Search engines are essential tools for information retrieval in large digital libraries. They supply ranked lists of relevant content to users’ searches, helping them locating the documents meeting their needs. While there exist tools for searching in large digital music collections, they are mostly based on the metadata of the musical documents, and content-based functionalities are severely limited. The Facets pilot aims to offer a full-featured solution to this problem, by building a search engine that will combine search and exploration methods combining metadata, music content and annotations.
Facets will supply a self-contained component apt at being integrated in the Polifonia ecosystem. It will be able to ingest collections of music documents issued from the knowledge graph in order to build indexes and search-oriented structures. Search functionalities will include pattern-based searches, identification of relevant relationships, and ranking methods.
Results will be presented in a form that allows further exploration and navigation. In particular they will be faceted in order to allow a refinement of user searches according to some dimension in the knowledge space. A pattern-based search for instance can result in a large set of documents from many styles, periods, authors, all of which constitute facets that can be used to further explore the result set.
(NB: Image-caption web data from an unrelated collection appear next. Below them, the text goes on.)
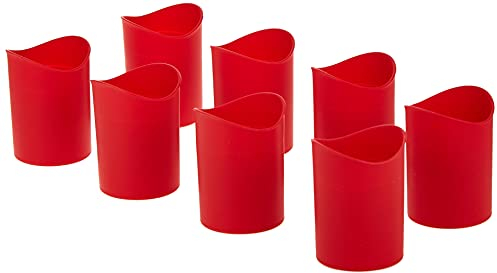 Lékué Molde repostería Cookie glass, vasos de galleta, Silicona platino Rojo, 5 x 5 x 6.8 cm, 8 Unidades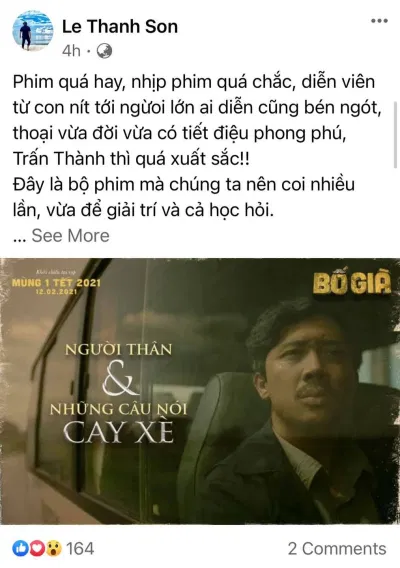 Những lời khen về phim Bố Già (Nguồn: Internet) Những lời khen về phim Bố Già (Nguồn: Internet)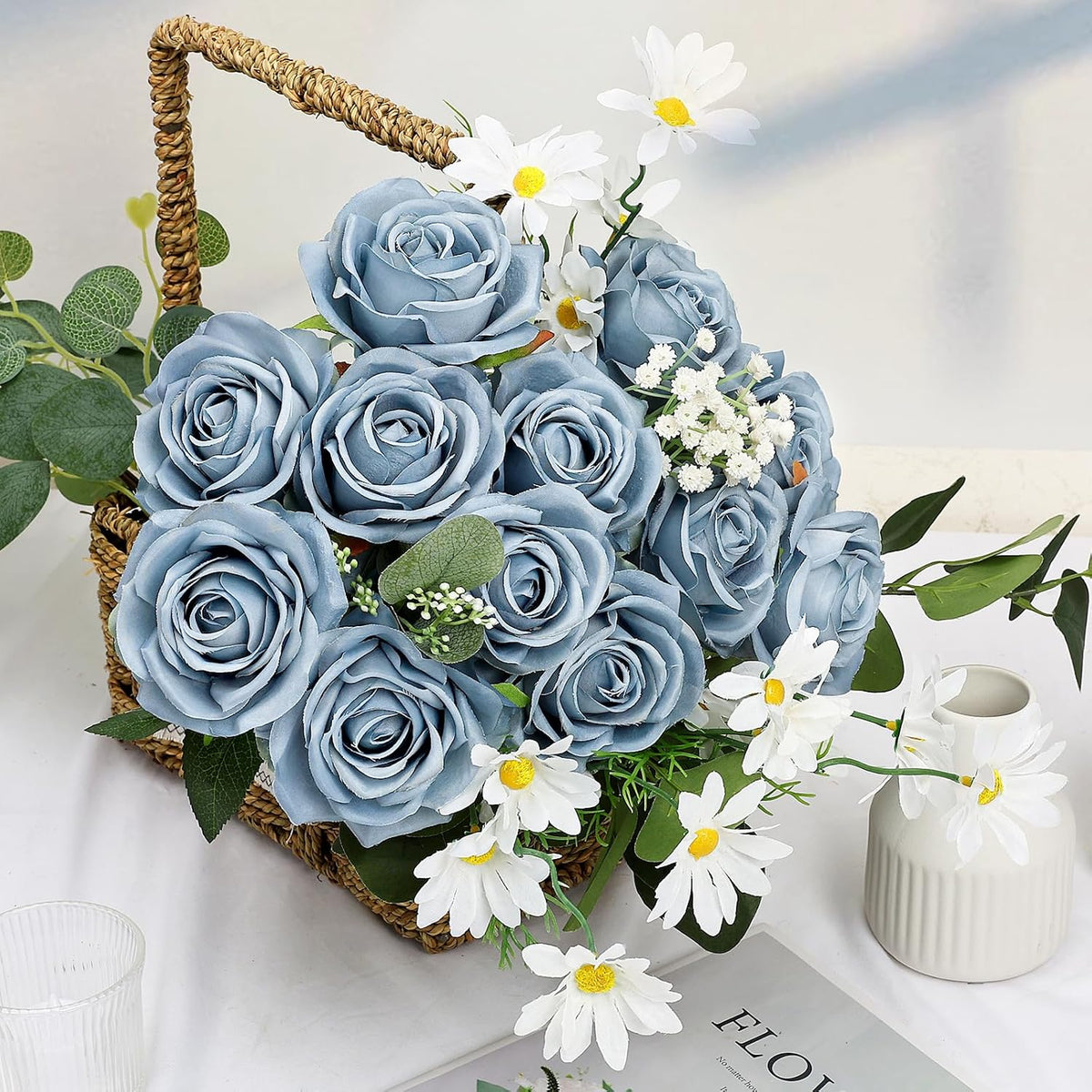 48 PCS Lilac Roses Artificial Flowers, Silk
Facets can also be seen as a knowledge producer (e.g., all the music scores that feature a similar pattern and share other descriptive features). Results will therefore be exported in a knowledge-based compliant format, and annotated with permanent identifiers for an easy integration in the Polifonia graph. This can serve purposes such as those expressed in some stories, related to the need for preserving the result of exploration efforts (see for instance the story of Sethus on the creation of persistent corpus, relevant to some musicological study, and built from searches and navigation in music collections).